Unfortunately projects 2 and 3 are refusing to do the export. Attempts to do so bring up programme errors, complete with .cpp file and line number. This sort of unreliability arrived with Finereader 10, and it is an unmitigated pain. I can’t export as Word either. Nor can I import the projects into Finereader 11 (a truly duff version, if ever I saw one, which will rarely import any project from a preceding version successfully).
I’ve managed to export the text as unicode text format, in a .txt file. But naturally I am rather annoyed. The projects show no special sign of corruption, although Finereader projects can become corrupt, mysteriously.
This is infuriating, and it undermines the point of using the software. Investing weeks of work in editing something, only to find that you can’t get your work out very easily, is quite annoying.
Finereader 8 was rock-solid. Finereader 9 had better recognition, but was less reliable. And so it has gone on.
Abbyy need to invest some time in improving reliability, or they will lose their market. People who use OCR software work hard. They should be able to rely on the software not to crash.

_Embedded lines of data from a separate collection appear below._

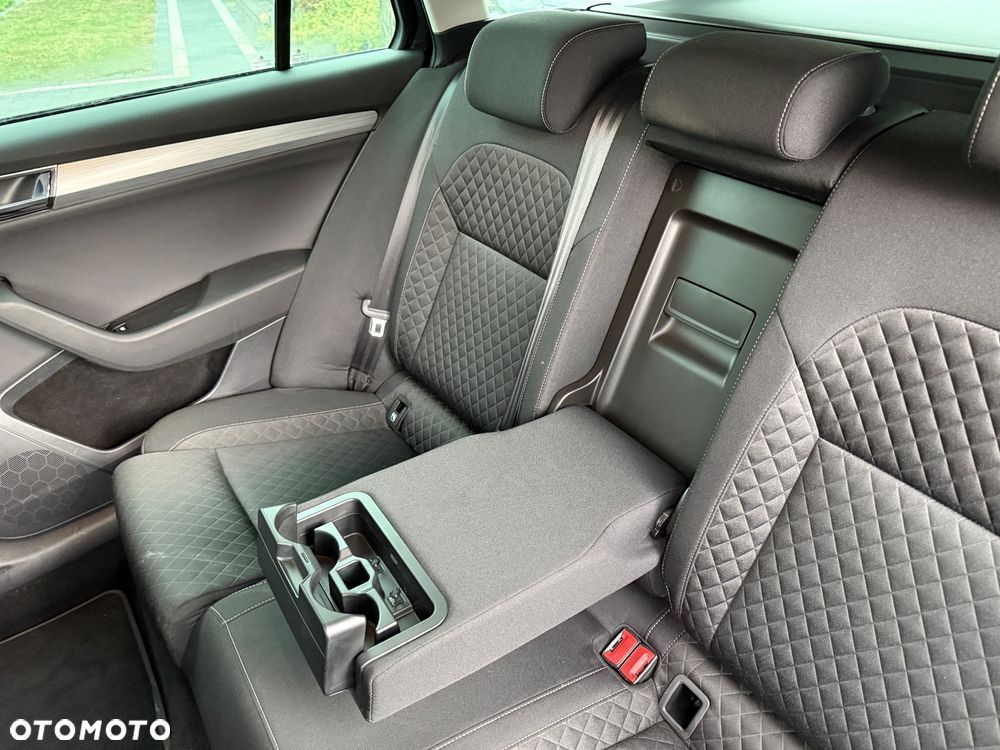 Skoda Superb 2.0 TDI DSG Premium Edition - 27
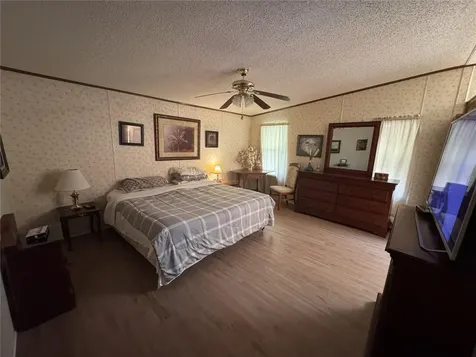 2679 Lake Grassmere Circle Zellwood FL 32798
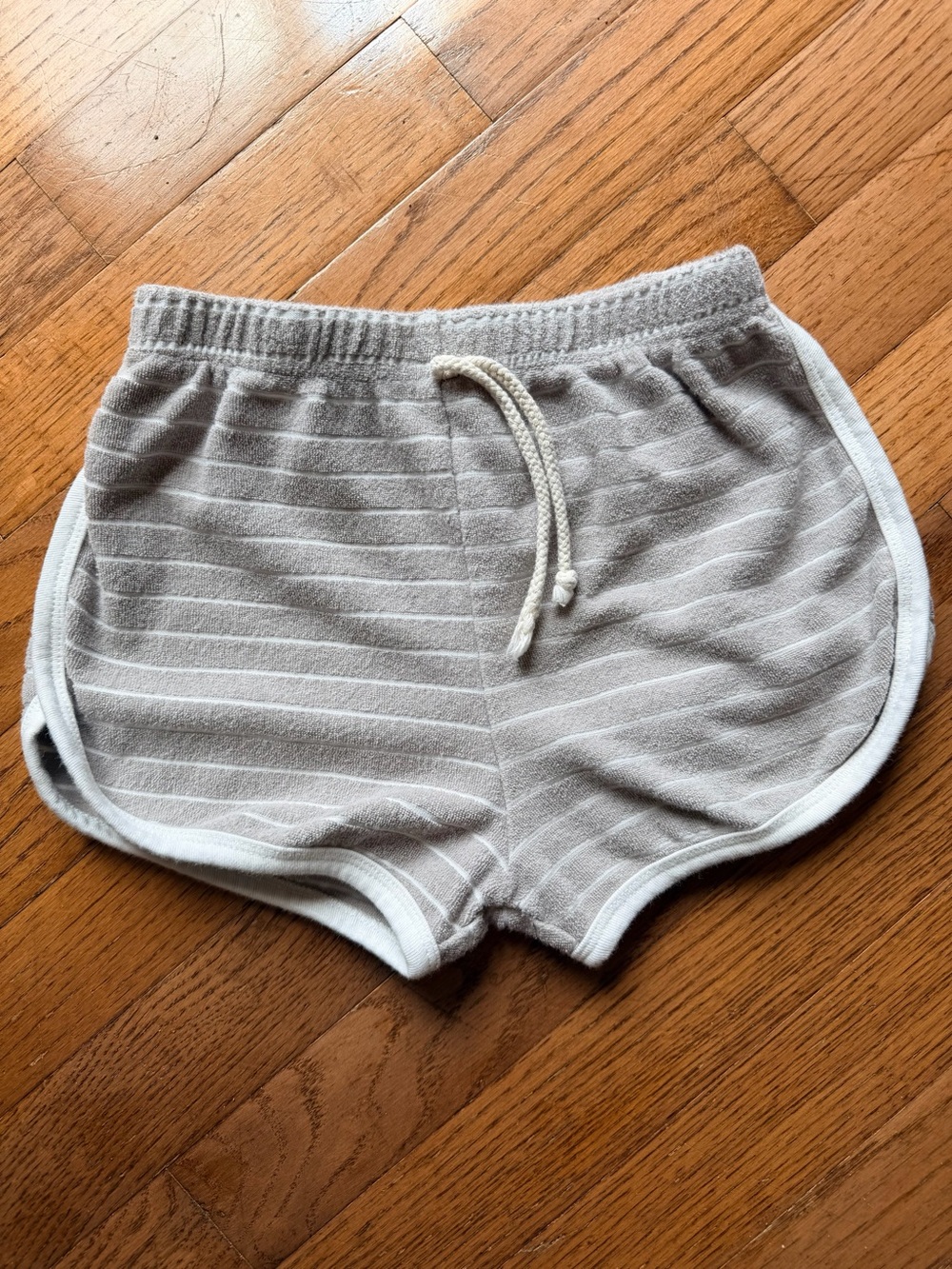 Mebie Baby Terry Cloth Shorts 5T Gray White Striped Retro Dolphin Hem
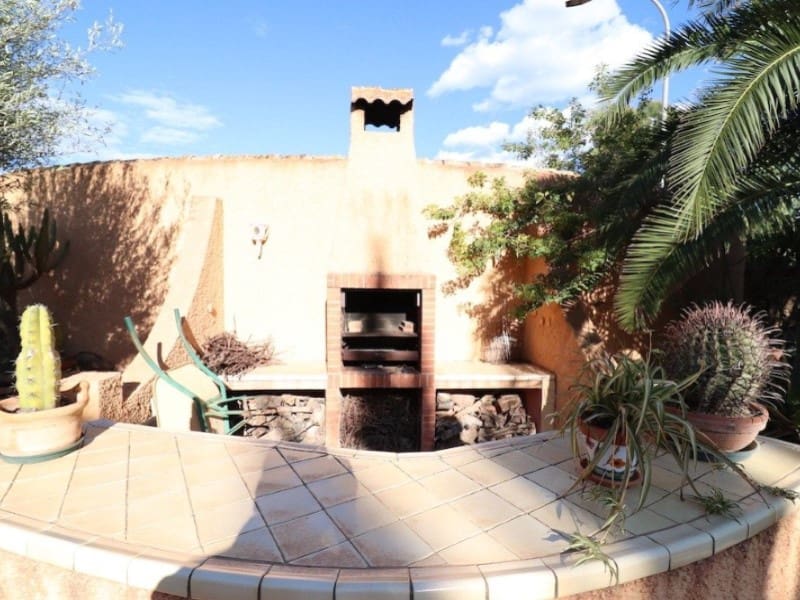 5 Zimmer Villa zu verkaufen in Torrevieja mit Garage - 850.000 € (Ref: 8440747)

UPDATE: I have now installed Microsoft FrontPage 2002. I usually use FrontPage 2000 for general editing — it is curious how neither DreamWeaver nor ExpressionWeb has a decent WYSIWYG editor, almost 10 years on — but this can’t handle unicode characters. FP2002 can; but for some reason you cannot run both on the same machine. And, sure enough, FP2002 has silently deinstalled FP2000, drat it.
Fortunately FP2002 has created new .htm files for projects 02 and 03, by the simple process of pasting the unicode .txt files into them.
What I shall need to do now is think up a way to format 1000 pages of text in a satisfactory way. Particularly now that FP2002 has uninstalled all my macros!